▶ [What the exercise asks]:
In the entries below, find each line with the string "Clock" and copy it.

▶ [Available data]:
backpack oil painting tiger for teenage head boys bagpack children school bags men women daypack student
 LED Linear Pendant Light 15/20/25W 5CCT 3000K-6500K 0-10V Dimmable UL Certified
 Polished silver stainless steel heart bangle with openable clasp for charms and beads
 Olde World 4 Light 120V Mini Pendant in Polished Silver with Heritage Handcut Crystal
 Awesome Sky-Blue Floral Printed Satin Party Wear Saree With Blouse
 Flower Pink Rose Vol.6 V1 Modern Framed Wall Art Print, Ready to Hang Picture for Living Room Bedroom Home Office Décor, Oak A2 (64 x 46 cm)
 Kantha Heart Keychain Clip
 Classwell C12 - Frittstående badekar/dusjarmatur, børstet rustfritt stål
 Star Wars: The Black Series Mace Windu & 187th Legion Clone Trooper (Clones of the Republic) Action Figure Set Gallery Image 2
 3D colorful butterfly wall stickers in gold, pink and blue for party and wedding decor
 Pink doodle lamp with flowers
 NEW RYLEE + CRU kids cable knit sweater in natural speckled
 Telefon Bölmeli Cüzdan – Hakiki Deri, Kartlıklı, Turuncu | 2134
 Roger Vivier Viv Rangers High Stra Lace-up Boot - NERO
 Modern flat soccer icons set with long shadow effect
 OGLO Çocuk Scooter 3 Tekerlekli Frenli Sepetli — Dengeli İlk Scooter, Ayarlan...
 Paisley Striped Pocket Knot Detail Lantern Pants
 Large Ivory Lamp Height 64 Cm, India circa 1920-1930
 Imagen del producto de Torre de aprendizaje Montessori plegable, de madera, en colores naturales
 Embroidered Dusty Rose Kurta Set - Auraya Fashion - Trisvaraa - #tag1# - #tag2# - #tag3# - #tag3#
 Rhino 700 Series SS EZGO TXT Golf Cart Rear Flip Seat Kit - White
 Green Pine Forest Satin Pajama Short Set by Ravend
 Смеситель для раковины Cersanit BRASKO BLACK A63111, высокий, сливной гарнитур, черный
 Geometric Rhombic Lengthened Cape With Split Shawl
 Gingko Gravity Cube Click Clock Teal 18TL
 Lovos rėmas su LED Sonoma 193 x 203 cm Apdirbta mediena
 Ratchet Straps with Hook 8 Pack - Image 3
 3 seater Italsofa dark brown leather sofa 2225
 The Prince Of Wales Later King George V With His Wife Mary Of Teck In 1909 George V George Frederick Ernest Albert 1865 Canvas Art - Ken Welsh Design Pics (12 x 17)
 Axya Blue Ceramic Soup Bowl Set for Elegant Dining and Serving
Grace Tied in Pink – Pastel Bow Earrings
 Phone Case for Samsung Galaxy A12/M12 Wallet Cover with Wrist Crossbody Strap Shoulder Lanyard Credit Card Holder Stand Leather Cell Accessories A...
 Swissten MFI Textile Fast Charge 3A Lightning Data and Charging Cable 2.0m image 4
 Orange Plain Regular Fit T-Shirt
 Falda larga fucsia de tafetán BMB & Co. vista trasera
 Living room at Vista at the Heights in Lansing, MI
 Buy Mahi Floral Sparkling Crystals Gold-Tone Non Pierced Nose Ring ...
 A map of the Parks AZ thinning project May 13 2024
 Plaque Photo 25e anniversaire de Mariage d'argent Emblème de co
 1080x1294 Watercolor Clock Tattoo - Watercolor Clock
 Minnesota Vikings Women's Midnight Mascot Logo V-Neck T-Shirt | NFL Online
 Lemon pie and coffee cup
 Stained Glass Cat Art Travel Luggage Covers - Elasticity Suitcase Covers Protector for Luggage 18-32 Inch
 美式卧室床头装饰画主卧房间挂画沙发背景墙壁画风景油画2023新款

▶ [Finished exercise]:
 Gingko Gravity Cube Click Clock Teal 18TL
 1080x1294 Watercolor Clock Tattoo - Watercolor Clock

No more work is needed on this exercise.